Data records: Begin

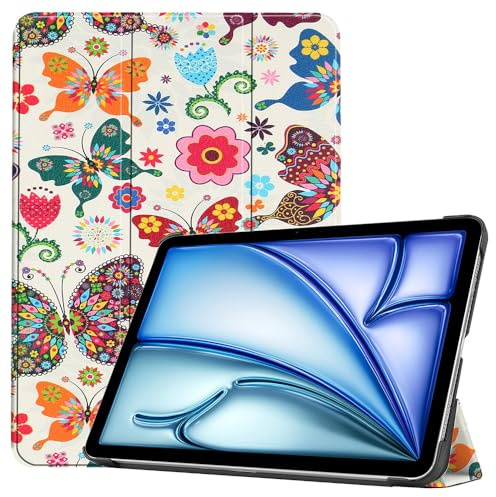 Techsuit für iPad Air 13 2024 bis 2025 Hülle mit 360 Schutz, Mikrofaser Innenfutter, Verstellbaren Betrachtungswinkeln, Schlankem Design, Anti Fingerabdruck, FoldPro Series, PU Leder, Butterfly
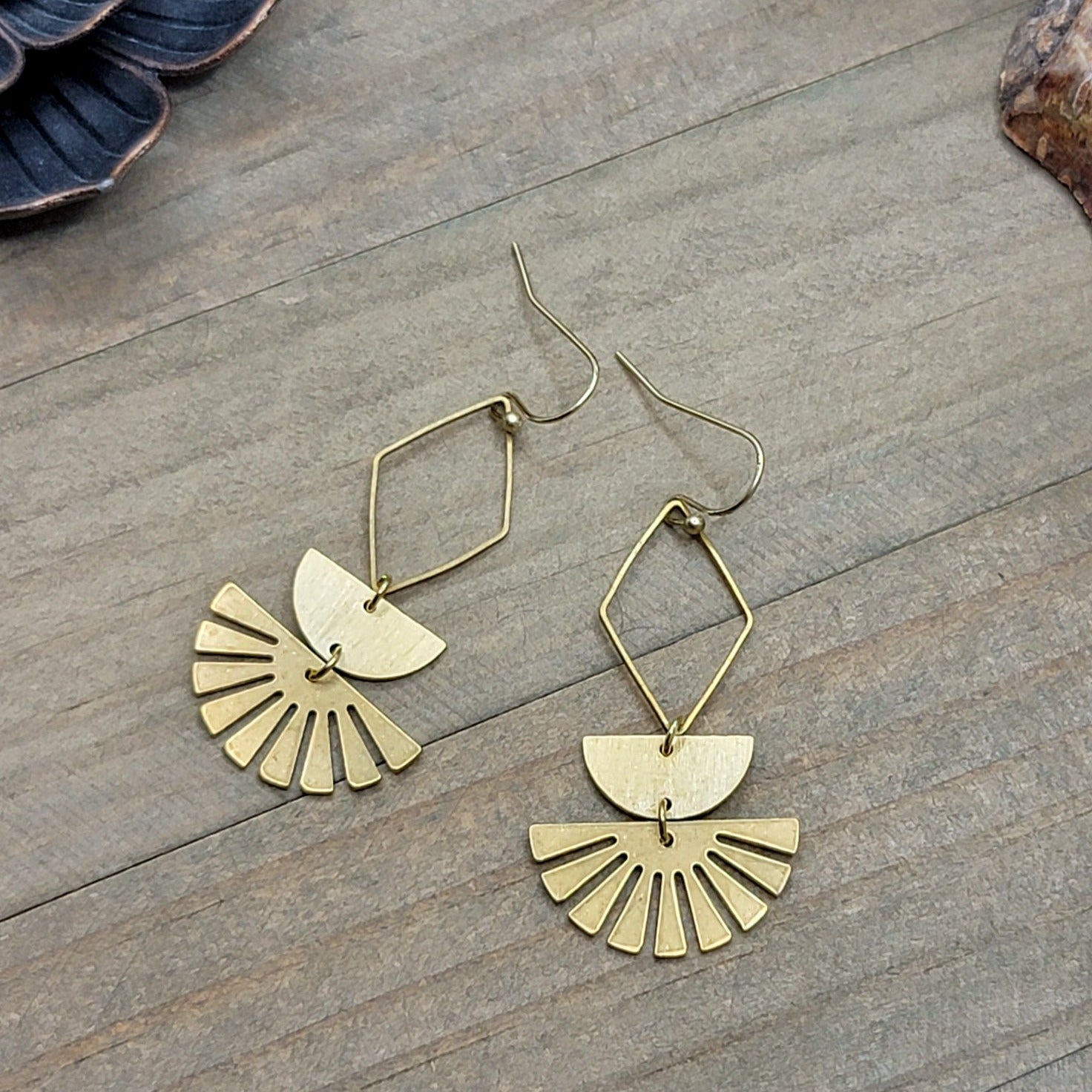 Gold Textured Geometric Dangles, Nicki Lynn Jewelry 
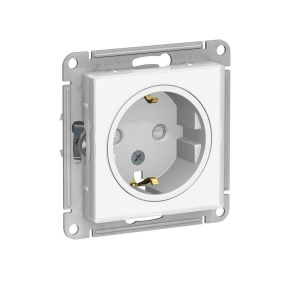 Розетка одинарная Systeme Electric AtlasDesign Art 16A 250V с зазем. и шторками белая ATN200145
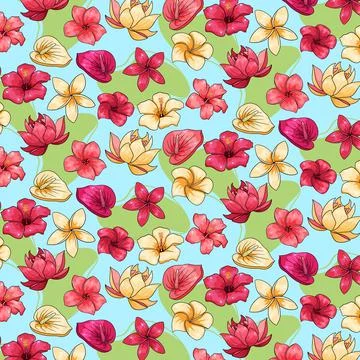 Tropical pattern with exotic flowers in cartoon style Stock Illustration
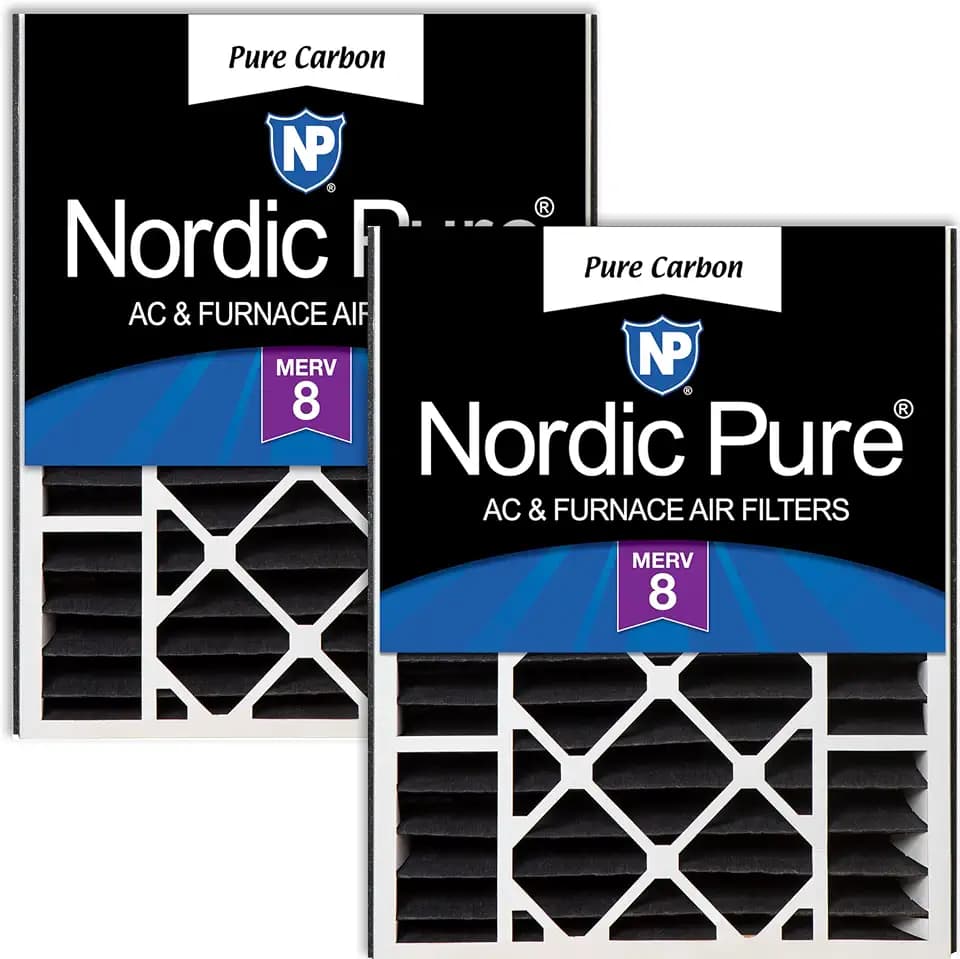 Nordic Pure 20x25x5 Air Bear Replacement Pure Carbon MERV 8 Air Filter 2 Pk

Data records: End
Data records: Begin

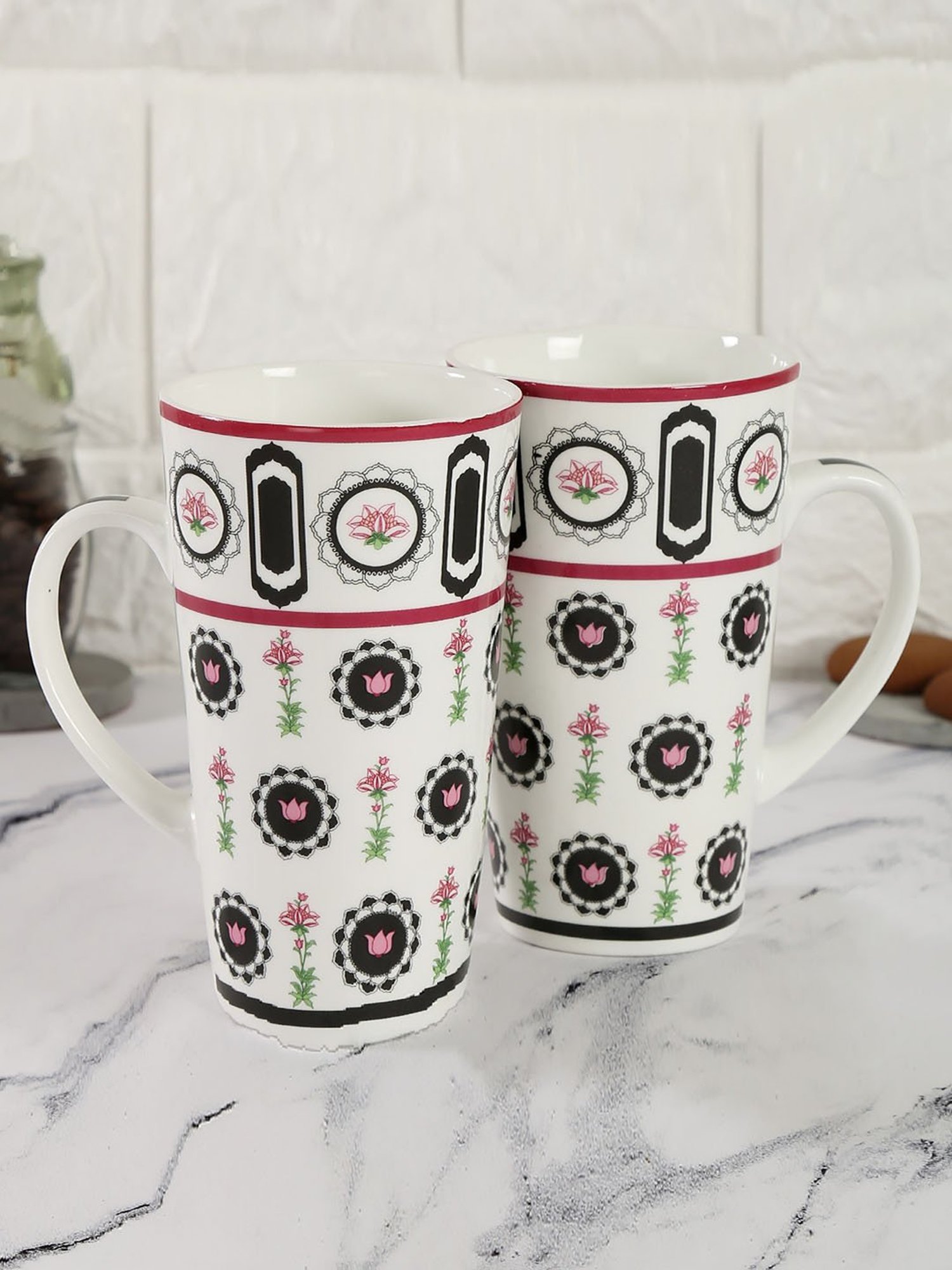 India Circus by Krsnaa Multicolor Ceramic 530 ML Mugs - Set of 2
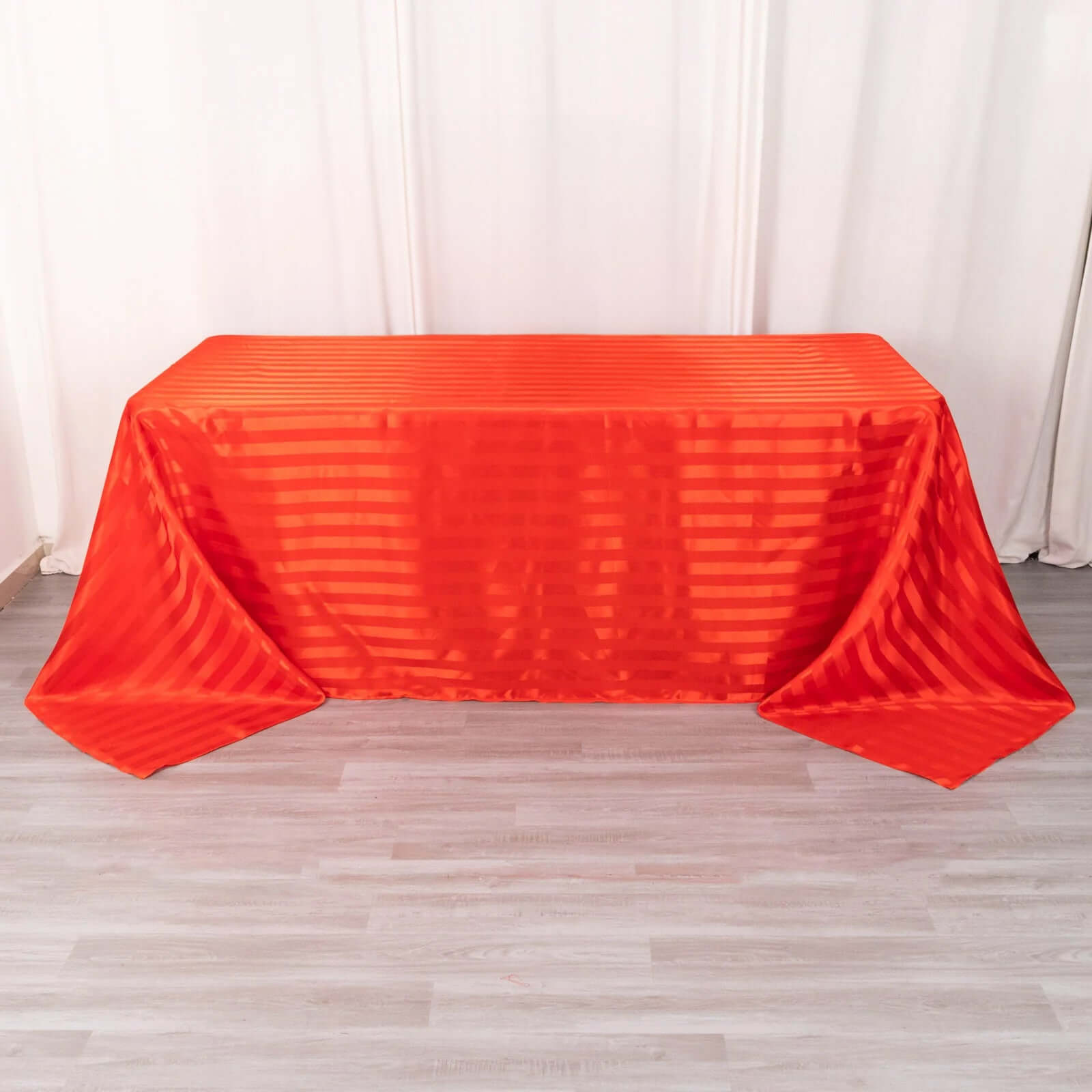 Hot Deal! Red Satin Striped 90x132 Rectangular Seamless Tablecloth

Data records: End

In the listing above, find the line containing "Gold Textured Geometric" and the line containing "Nordic Pure 20x25x5", then return both of them and every line between, exactly, without pictures.

[Result of this task]
 Gold Textured Geometric Dangles, Nicki Lynn Jewelry 
 Розетка одинарная Systeme Electric AtlasDesign Art 16A 250V с зазем. и шторками белая ATN200145
 Tropical pattern with exotic flowers in cartoon style Stock Illustration
 Nordic Pure 20x25x5 Air Bear Replacement Pure Carbon MERV 8 Air Filter 2 Pk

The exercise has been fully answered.